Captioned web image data
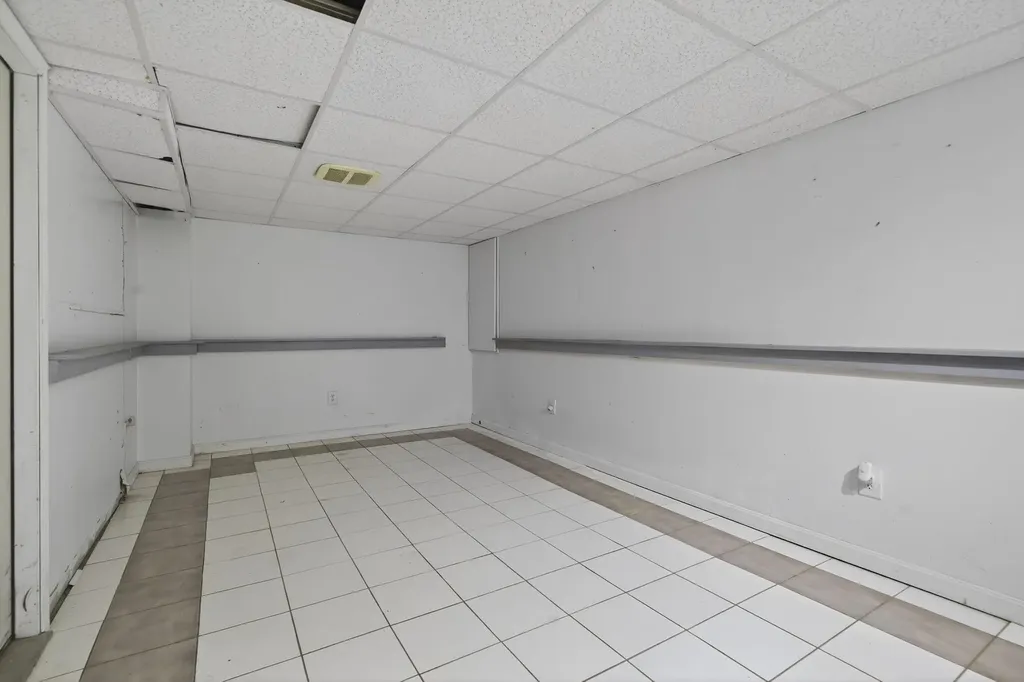 35 Albury Stone Circle Nashua NH 03063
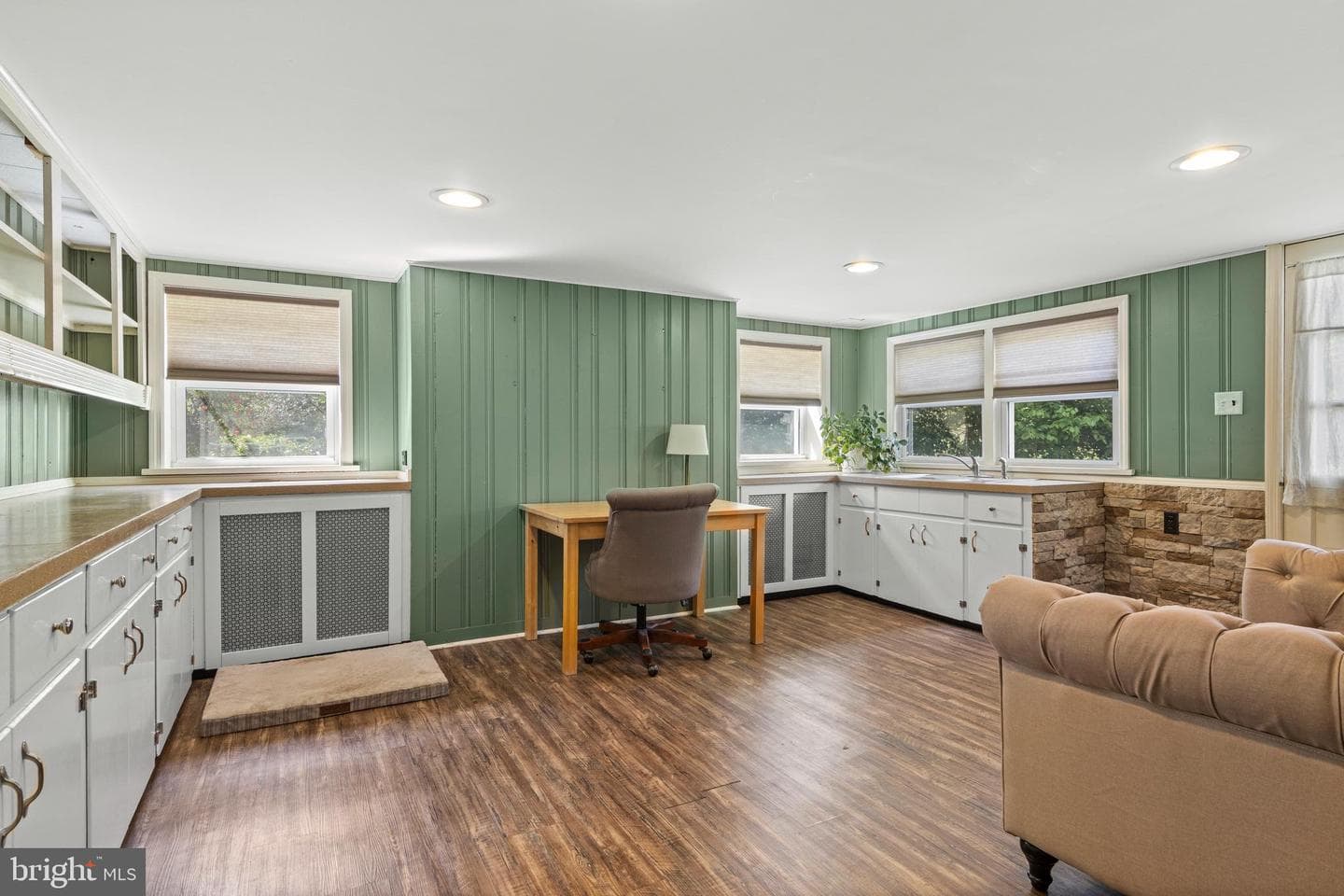 822 Creek Road photo 40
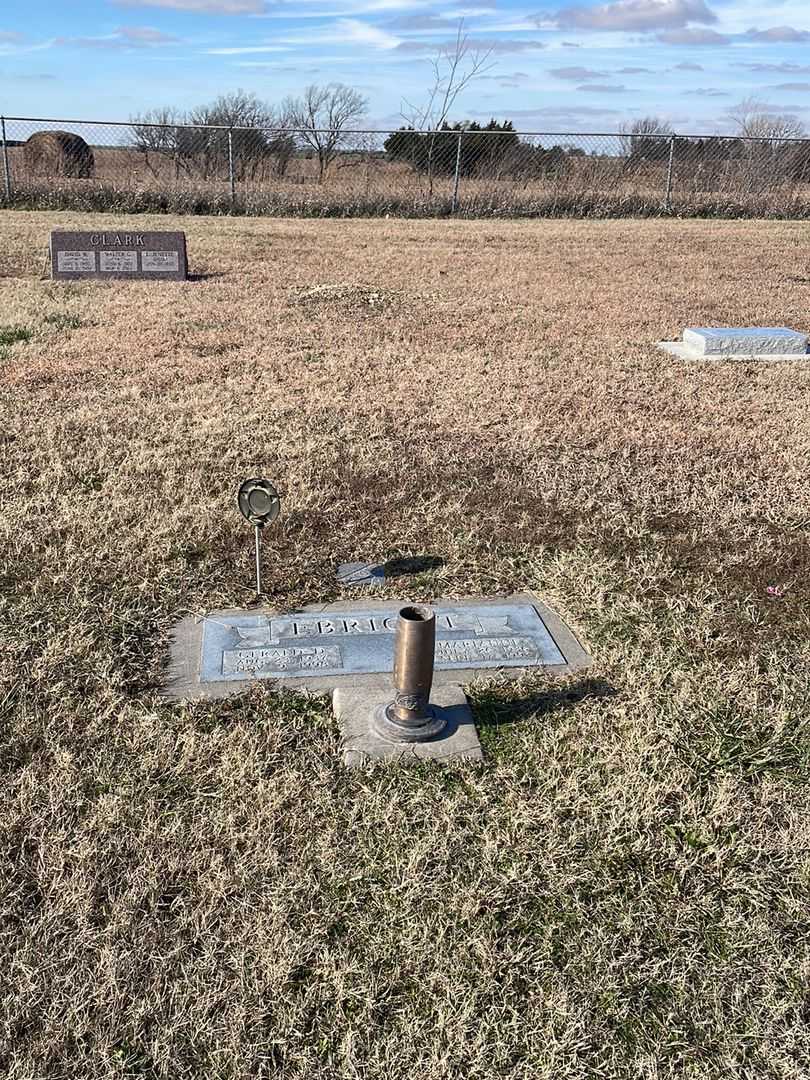 Gerald D. Ebright's grave. Photo 2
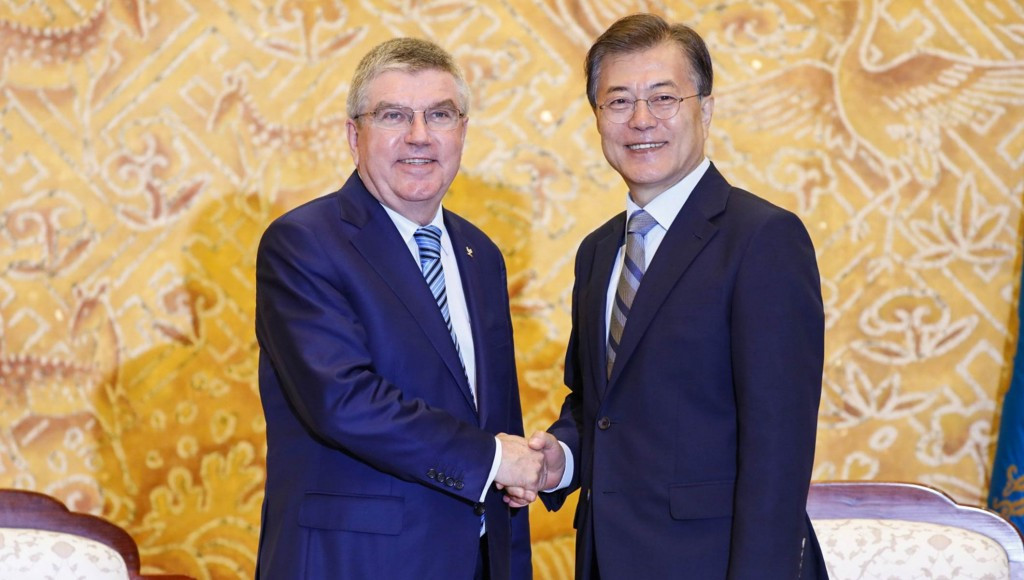 IOC President Thomas Bach, left, met with South Korean President Moon Jae-in, right ©IOC 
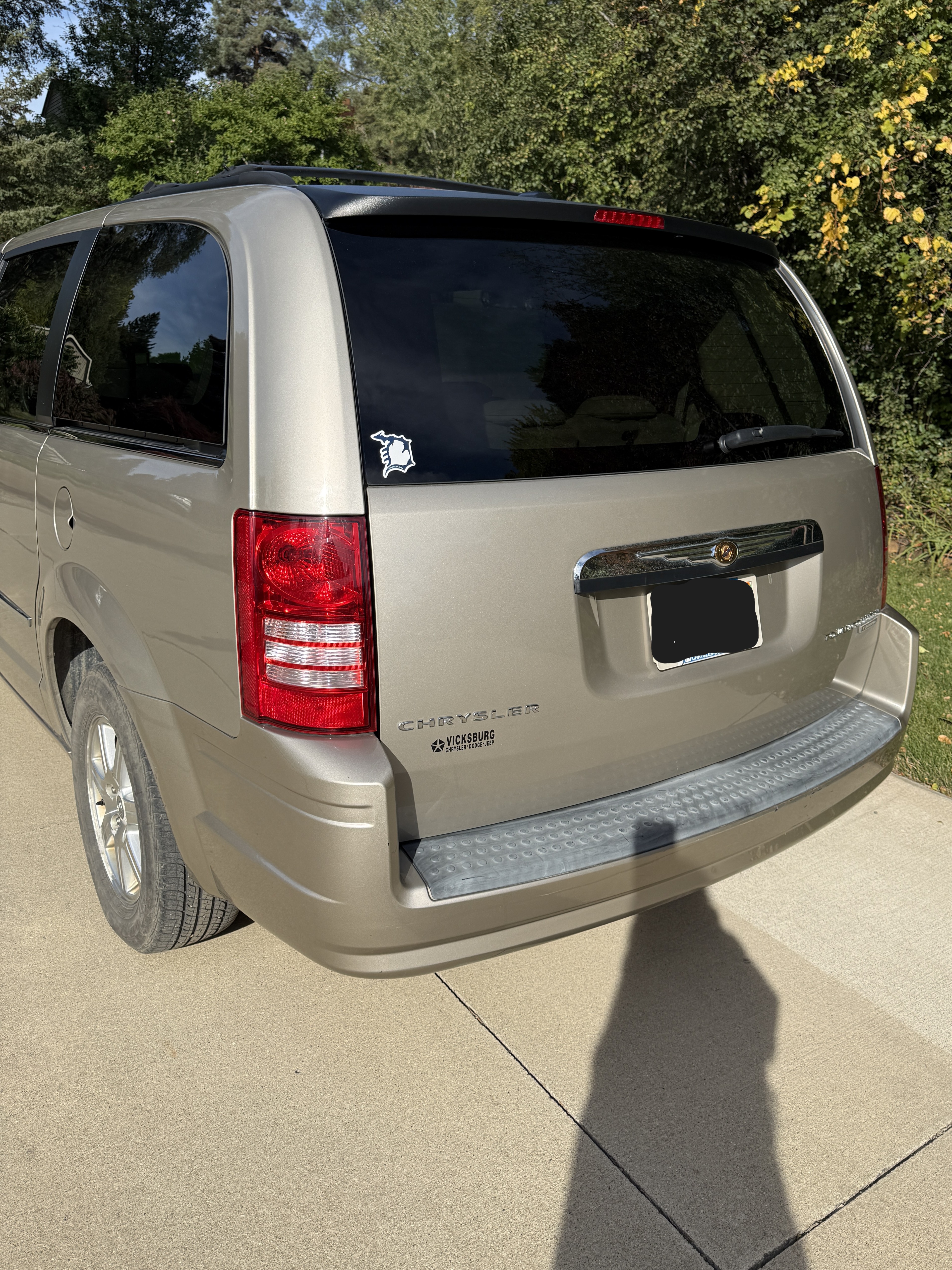 Used 2009 Chrysler Town & Country Touring FWD image 5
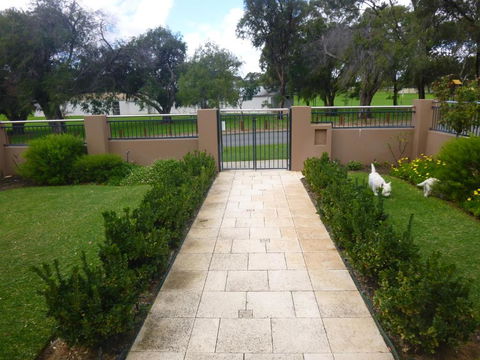 Santa Maria Executive B & B Fremantle - Redcliffe Tourism 3
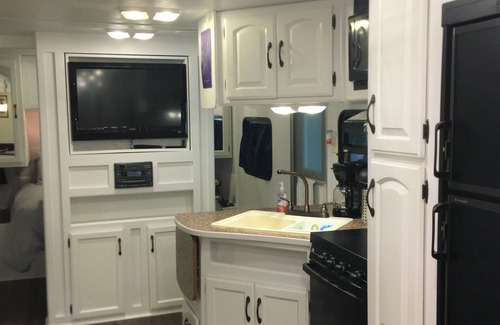 Hiawassee House | Lakefront camper, 2 bdrm/1ba. Metal roof gated deck. Covered Dock, Firepit,WIFI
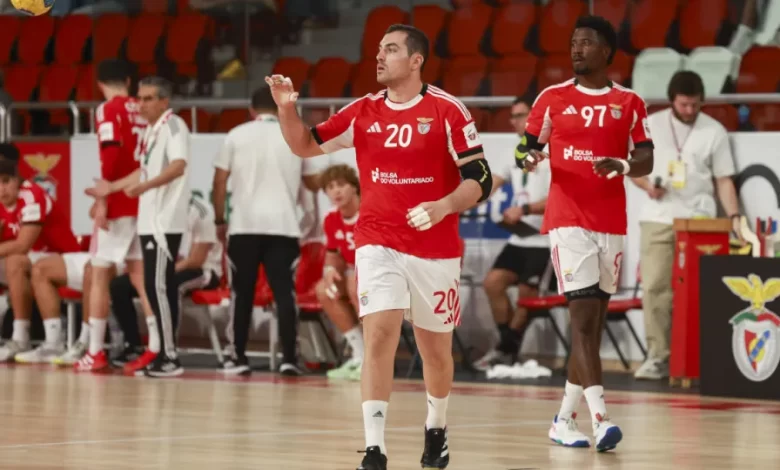 Insólito. Benfica foi a jogo em dois pavilhões e tombou no último segundo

# TASK
Write out again, exactly, each line from the one with "Hiawassee House |" to the end of the entries. No pictures go in.

# ANSWER TO THIS EXERCISE
 Hiawassee House | Lakefront camper, 2 bdrm/1ba. Metal roof gated deck. Covered Dock, Firepit,WIFI
 Insólito. Benfica foi a jogo em dois pavilhões e tombou no último segundo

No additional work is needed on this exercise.